Is Jane the professor in question? We know precious little about her, save that she loves chess and is bad for our hero, who is in such a sad and self-destructive state in part because Jane did not return his first “I love you.” An escalating series of catastrophes finds him ripping his track pants, getting kicked out of the club, wearing a pair of Elton John-style trousers in the loft of the mysterious and alluring Mary, then chased onto the building roof by Mary’s enraged and very large boyfriend, then taking a wild leap into the dumpster below just to stay alive. His survival is only a brief respite before he winds up in an alley being beaten up by James Tartt and his crew, then rescued by Mary’s now calm but still very large boyfriend, who returns a phone filled with texts from Jane, increasingly furious after she’d initially texted Beard the three words he so desperately wanted to hear from her. This hurts him more than any of Tartt’s punches and kicks, but his phone battery dies before he can respond and fix things.

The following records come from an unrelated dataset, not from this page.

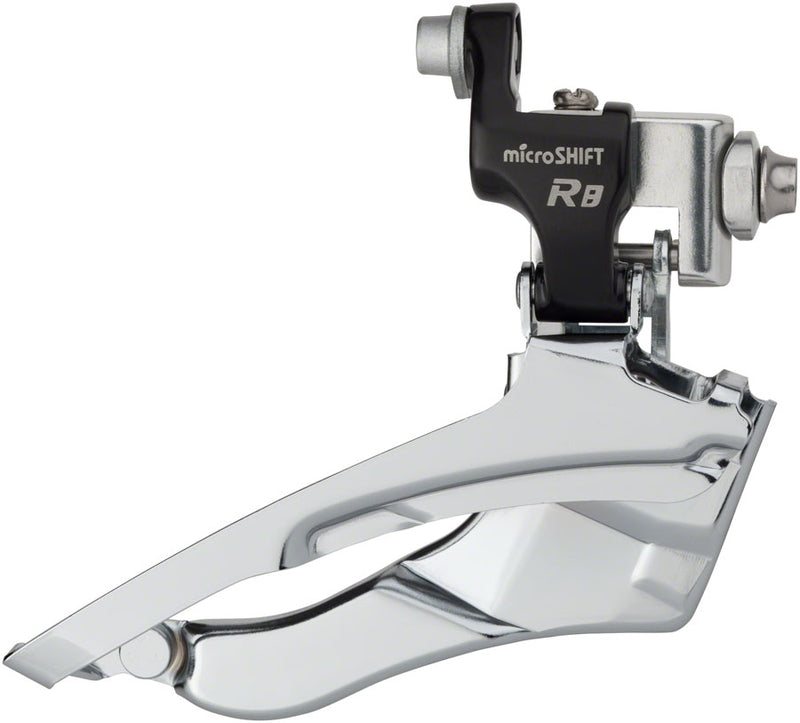 Load image into Gallery viewer, microSHIFT R8 Front Derailleur 7/8-Speed Triple 50/39/30T Braze-On Shimano Compatible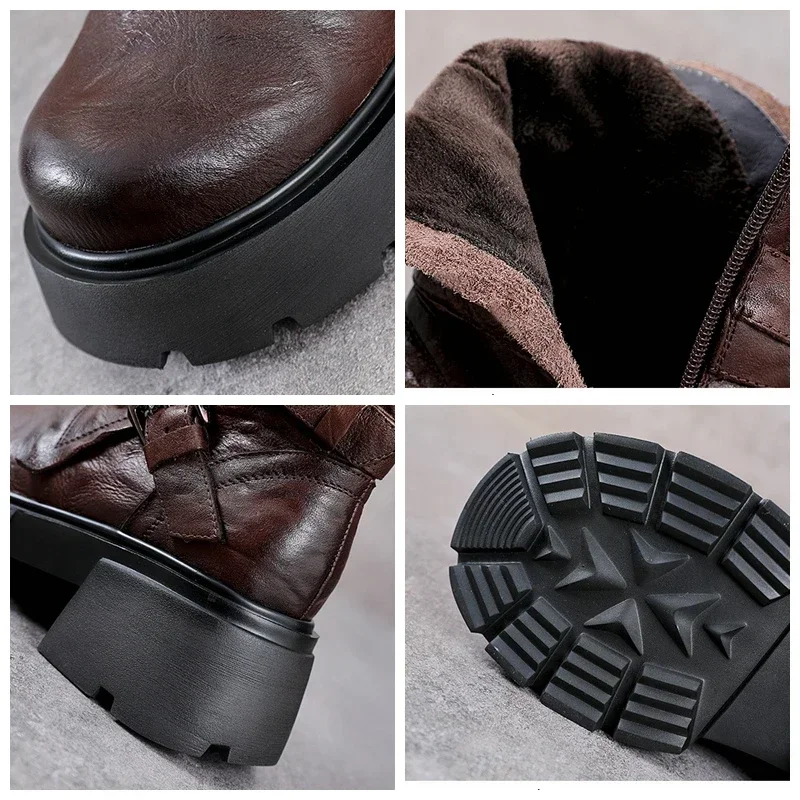 Koznoy/женские осенне-весенние модные зимние плюшевые ботильоны Челси из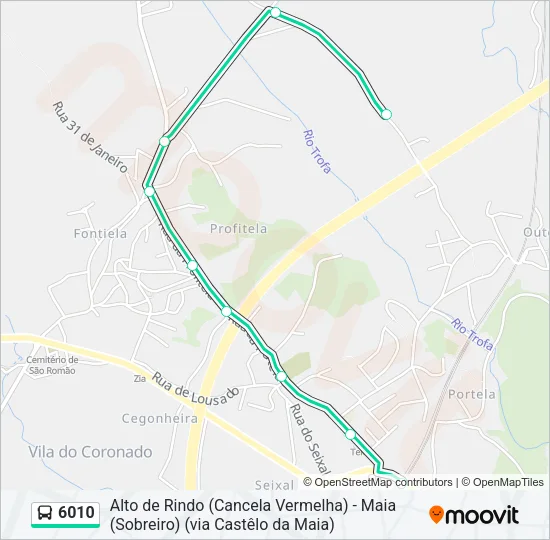 6010 Bus Line Map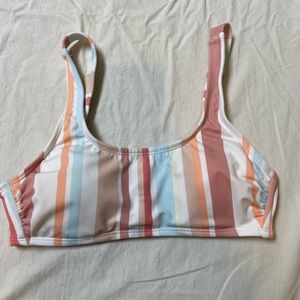Striped Bikini Top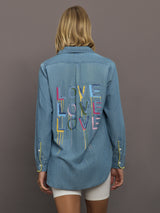 Mia Shirt Love - Chambray Blue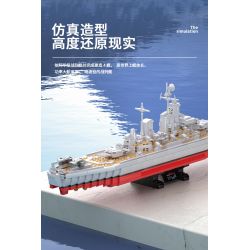 PanlosBrick 637010 Panlos Brick 637010 non  VẢI WAA BATTLESHIP. bộ đồ chơi xếp lắp ráp ghép mô hình Military Army IOWA CLASS BATTLESHIP Quân Sự Bộ Đội 1703 khối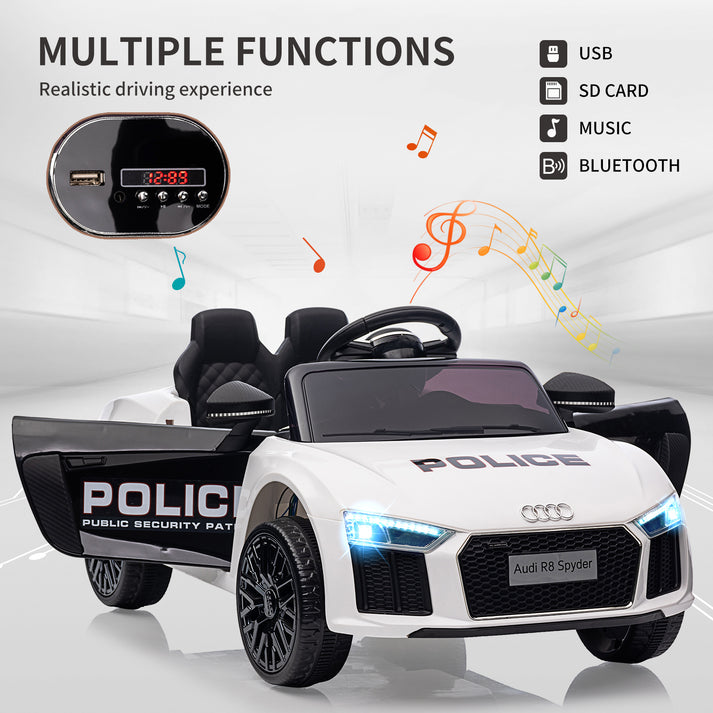 GARVEE Audi Kinderauto mit Multimedia-Funktionen Bluetooth, USB und SD-Karte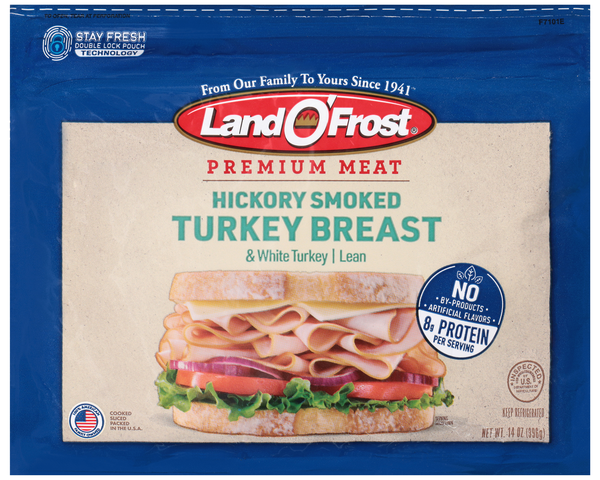 Land O'Frost Lean Hickory Smoked Lean Turkey Breast & White Turkey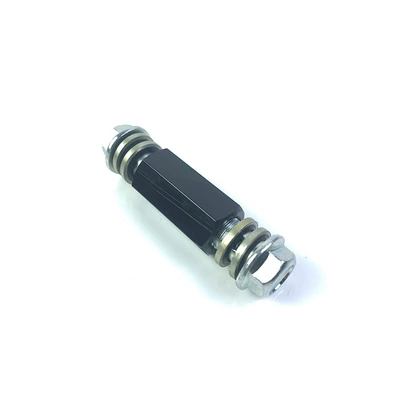 Motorcycle universal brembo Brembo/RCS brake upper pump brake hose extension seat brake extension joint (Other brake systems) - black-double-pass-one-with-screw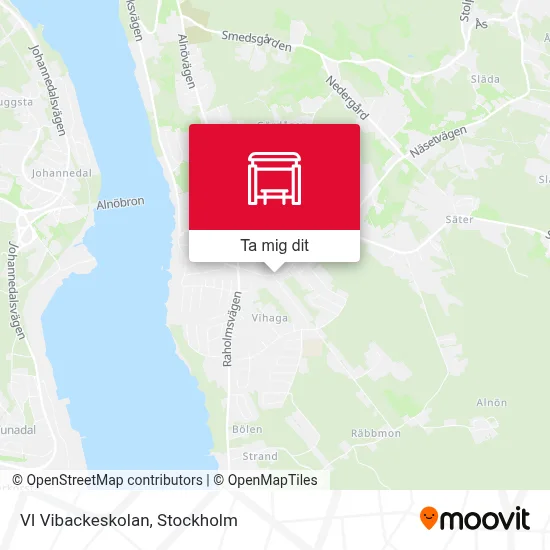 VI Vibackeskolan karta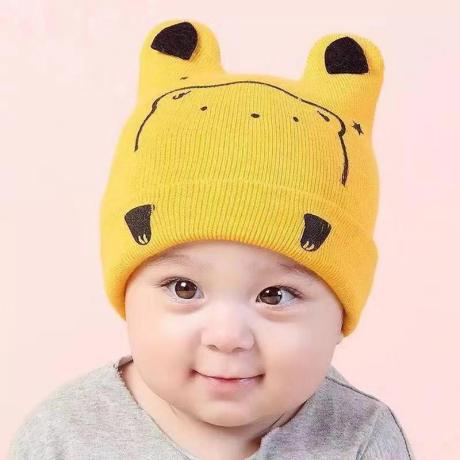 Nón Len Tai Gấu mền giữ ấm Cho Bé 3 tháng - 5 tuổi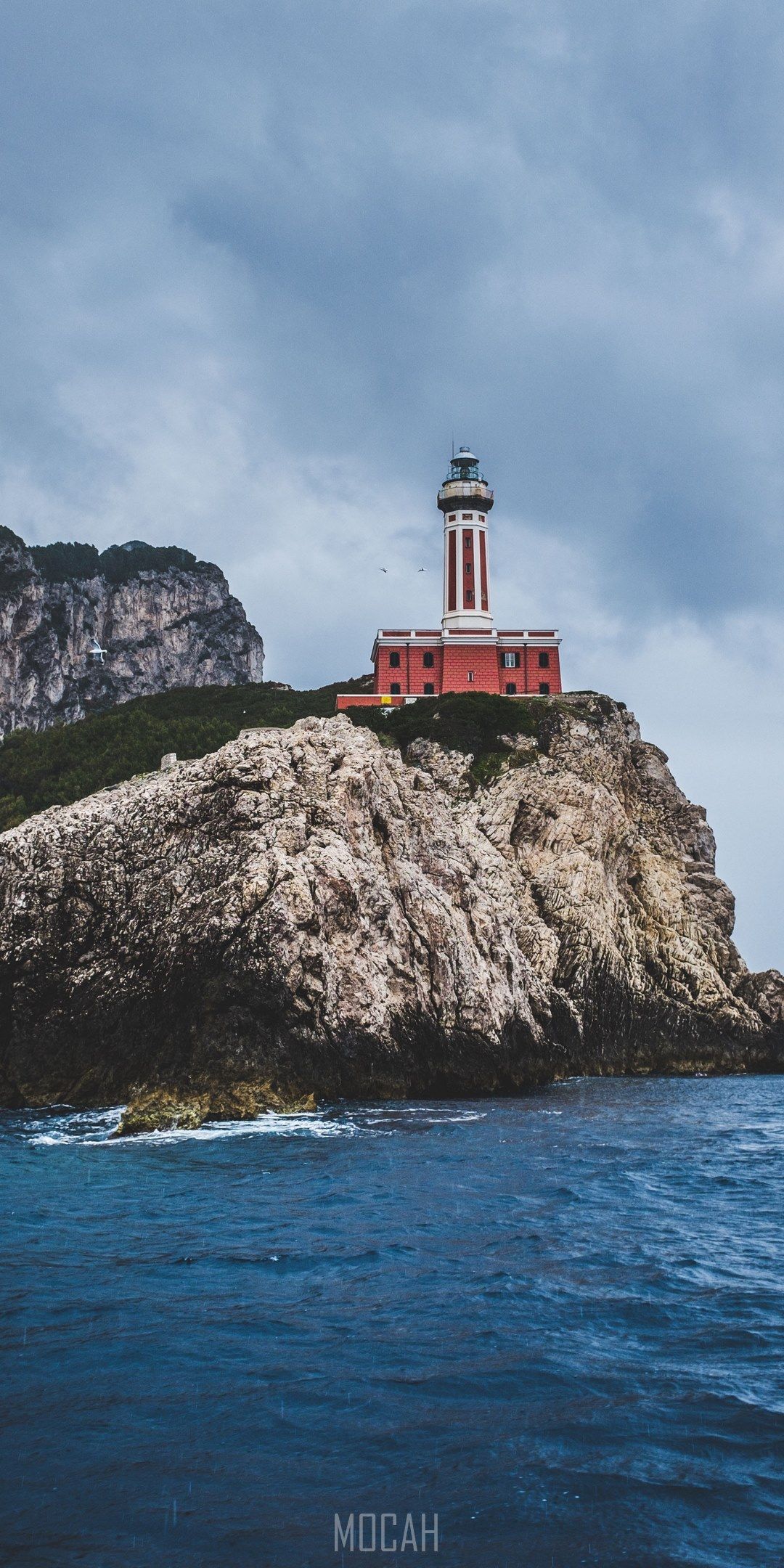 lighthouse rock cliff and sea hd, Xiaomi Redmi 5 Plus wallpaper hd, 1080x2160. Mocah HD Wallpaper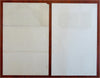 Grand Canyon Arizona El Tovar Lot x 2 Decorative Stationary Sheets c. 1920's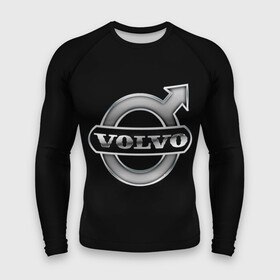 Мужской рашгард 3D с принтом Volvo в Петрозаводске,  |  | brand | car | logo | sweden | volvo | автомобиль | вольво | логотип | марка | швеция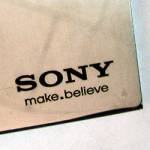 Визитница металлическая с логотипом SONY
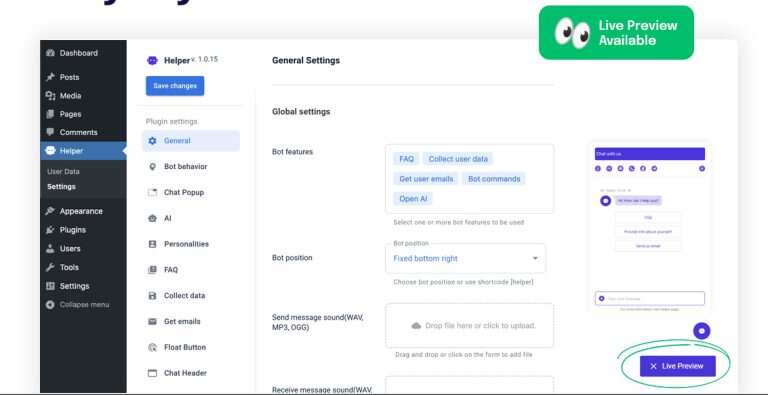 图片[3] 发卡网创- 首码创想WordPress 插件 OpenAI 聊天机器人 – Helper助手破解版 1.0.18 发卡网创- 首码创想网创资源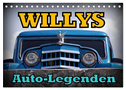 Auto-Legenden: WILLYS (Tischkalender 2025 DIN A5 quer), CALVENDO Monatskalender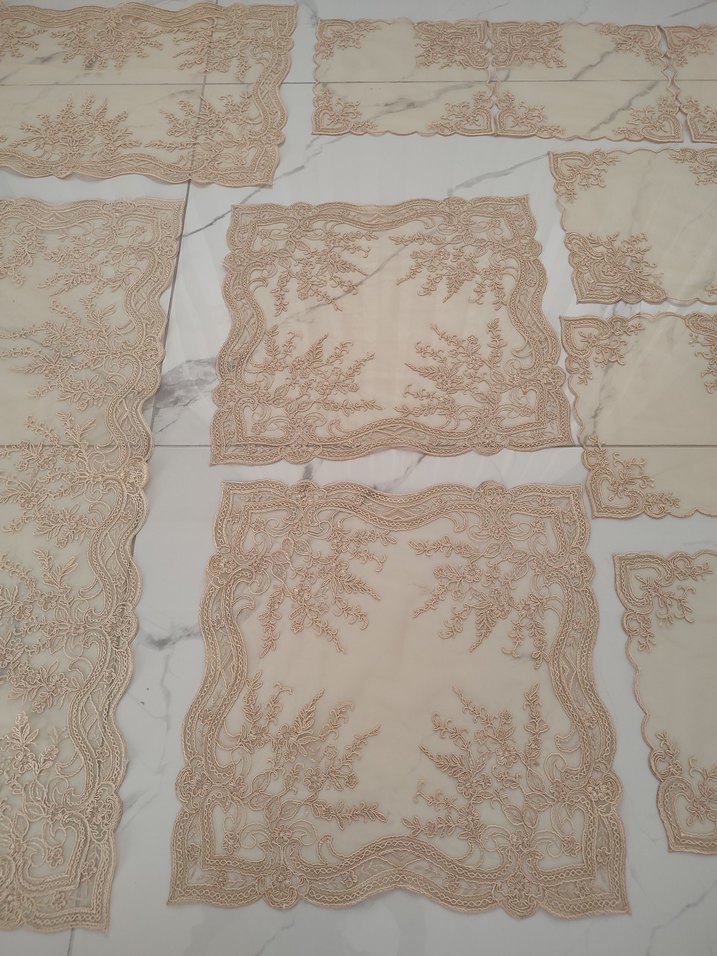 örtü takımı bal köpüğü rengi - Görsel 3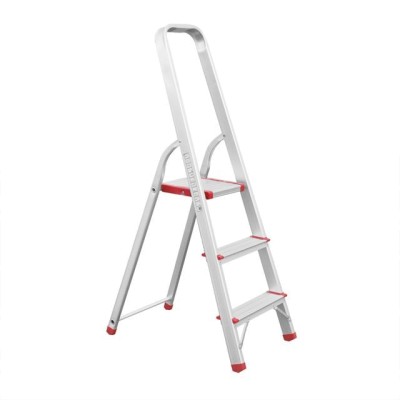 Стремянка алюминиевая 3 ступени, высота до платформы 630мм Intertool LT-1003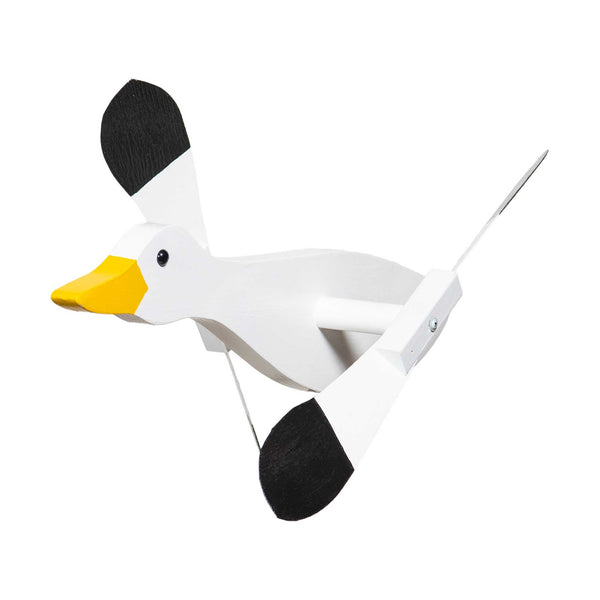 Amish Garden Wood Snow Goose Whirlybird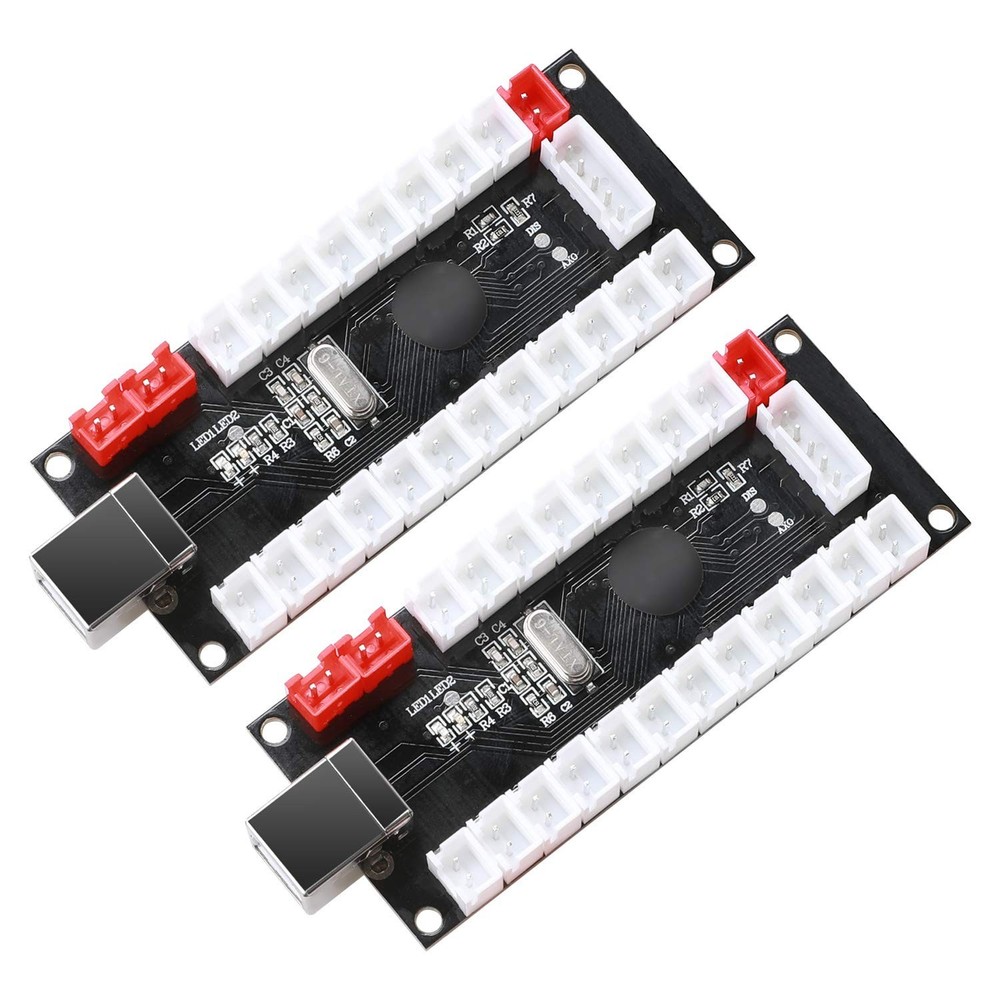 2-Player Zero Delay USB Encoder PC to HAPP Joysticks/HAPP Arcade Buttons for ...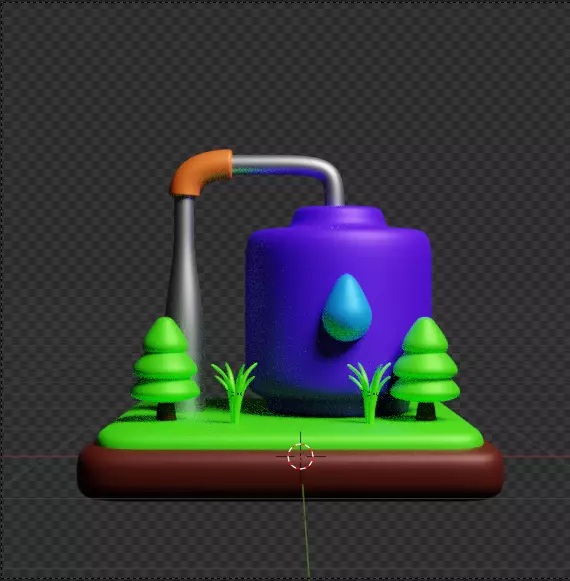 Firm Harvest and Agriculture 3D Icon Pack 3D model_108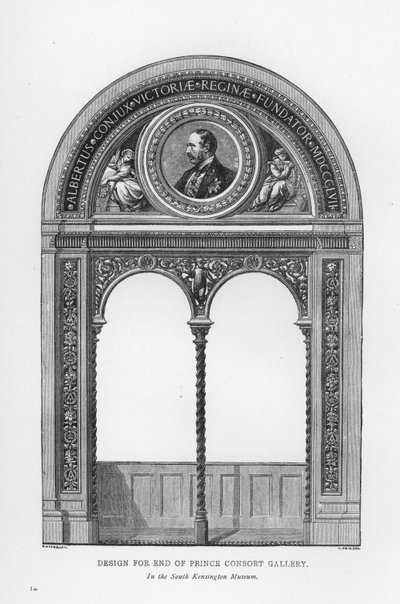 Design for End of Prince Consort Gallery (engraving) by English School
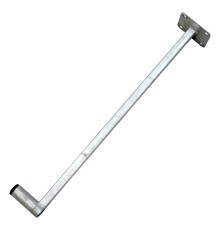 Кронштейн стеновой для внешней антенны Г-образный 600мм вынос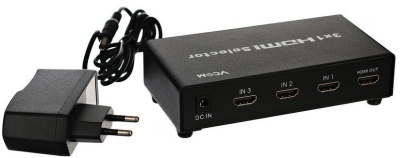 Переключатель HDMI 1.4V 3 =>1 VCOM <DD433/VDS8030> VCOM 3 x HDMI (f) - HDMI (f) (DD433/VDS8030)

After an interlude where Beard rewards the fanboys with a chance to run around on Richmond’s home field at Nelson Road(*), he finally takes everyone’s advice to pick up his keys and go home, only to break the key off in the lock right as a downpour begins. He takes refuge in a church, drops a Judy Blume reference to the Almighty (“Are you there, God? It’s me, Margaret’s little boy”) and talks some more about feeling fundamentally broken — a trait that connects him and Ted, even if neither one of them has ever said as much to the other — before discovering that the church is the location of the rave where Jane has been spending her evening. The sounds of Marin Solveig & Dragonette’s “Hello” gives our usually reserved hero the opportunity he needs to cut loose, dancing with abandon even before a smiling Jane turns up and hands him a hula hoop to show off for the crowd.

(*) Nice as it is to also give these recurring characters a showcase of their own, this sequence, scored to “We Are the Champions,” definitely contributes to the sense that this idiosyncratic Beard short story has somehow become too long.

It’s at once a nice moment and a bittersweet one. We’ve seen how bad these two are for each other, and Beard has only just acknowledged to God that Jane can’t fix him. But after the Man City game and the nighttime odyssey that follows it, Beard just needs some kind of win, and he gets the one he wants, followed by a chance to doze off while the other coaches are watching sped-up Man City game film scored to The Benny Hill Show theme, “Yakety Sax.”

Episodes that deviate from a series’ normal POV are often my favorites, as much for how they inform my viewing of later episodes with that character as for the temporary change of pace. “Beard After Hours” is an entertaining example of that, but one that feels a bit thinner than it could, especially given where it landed within Season Two as a whole. I certainly hope this won’t be the last POV shift Ted Lasso tries (what, I wonder, does Jan Maas get up to when he’s away from Nelson Road?), but hopefully in the future Apple gives the creative team lots of advance warning about how many episodes they’ll be making in a given season, so they can plan accordingly.